The prediction of immunogenicity of candidate targets is particularly challenging, and ultimately can be validated only by experimental tests and clinical trials, being it an intrinsically multifactorial and multiscale effect. Firstly, protein-protein interactions are dynamic and susceptible to the cellular environment; a first step to account for these aspects is to complement ML predictions by molecular docking simulations of the interactions mediating the adaptive response (peptide docking to the HLA57,196, docking of TCRs to the peptide-HLA complex56, antigen-antibody docking54,55). Furthermore, immune activation and effector function are dependent on co-stimulatory signals, and more generally on the context at the cell and tissue level. For example, high antigen expression levels have been suggested to compensate for weak HLA-antigen binding, thus including cell type and tissue-specific information on antigen abundance has resulted in improved predictions of T cell epitopes92,195,197. Protection eventually depends on many factors, like innate control, infective dose, as well as the genetic and environmental factors that shape the individual immune repertoires (age, previous exposure, etc.).
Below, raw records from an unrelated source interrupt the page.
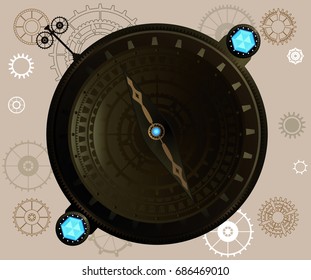 Mechanical steampunk compass with clockwork gears, cogs and gems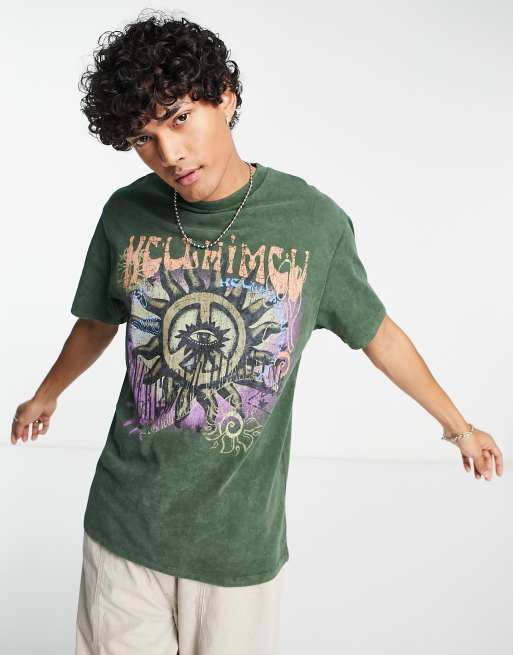 Reclaimed Vintage mystic eye t shirt in deep green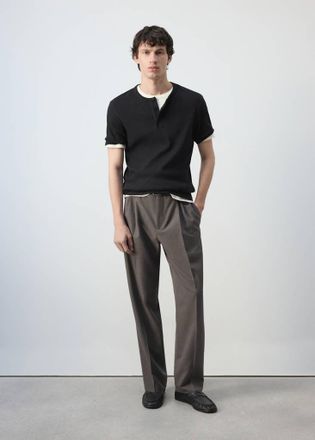 Mango T-shirt in cotone a coste con collo a panettiere nero - Uomo - XXL - MANGO MAN
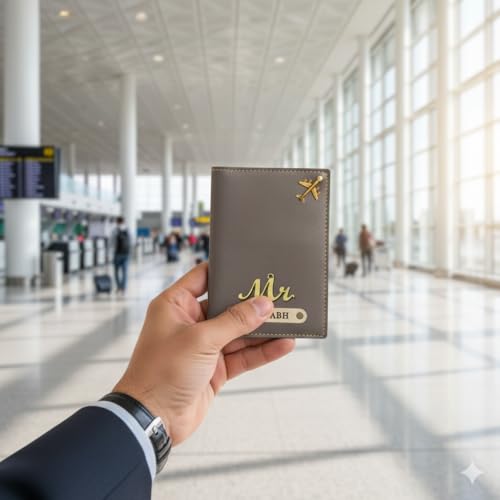 Image of Customized Passport Cover Combo - Vegan Leather Travel Wallets with Name & Charm | Personalized Gift for Couples, Anniversary & Travel Lovers P08 (Set of 2)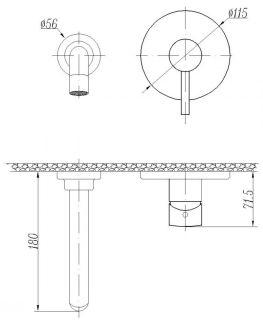 Встраиваемый смеситель для раковины ABBER Wasser Kreis AF8112B чёрный матовый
ML predictions should be therefore interpreted as inherently probabilistic, i.e., they come with an uncertainty stemming from the variety of factors that contribute to a positive response and are not included in the models.

Suboptimal precision implies more permissive prediction thresholds to ensure that a sufficient number of true epitopes is recovered, hence epitope prediction can result in hundreds of candidates to analyze and test, while only 10-30 subunits are necessary for the final construction of a multi-epitope vaccine13,15. Post-epitope prediction evaluations can be time-consuming for this reason, and because usually their steps are not integrated and automated. A strategy for higher-efficiency vaccine design recently proposed15 compresses epitope identification and property evaluation in one step by training a deep neural network to directly predict vaccine subunits with the desired properties, which results in fewer candidates to further evaluate. Indeed, more rapid screening of possible targets requires the development of frameworks that can perform and combine multiple predictions, similarly to approaches in drug discovery integrating ML models and docking simulations198. The design of such target selection pipelines integrating different prediction steps will benefit from ML methods that are clearly documented in terms of scope, modes, and optimal conditions of use. Working with standardized input formats and output metrics would be also important to save efforts of data pre-processing and post-processing and to facilitate method integration. For the future development of rational vaccine technologies, two of the most pressing needs are hence: increased precision of epitope prediction, to reliably narrow down target selection to fewer candidates; integrated frameworks connecting the bioinformatic and ML software necessary for ML-assisted epitope prediction and the subsequent evaluations, possibly developed within a user-friendly infrastructure that is easy to access and implement either as a web server or a downloadable package. Such improvements are essential to reducing the time, manual work, and resources involved in vaccine target selection and validation, thus they are prerequisites to the flexibility and scalability sought-after in personalized neoantigen discovery and in the adaptation of vaccines to newly-emerged viral strains.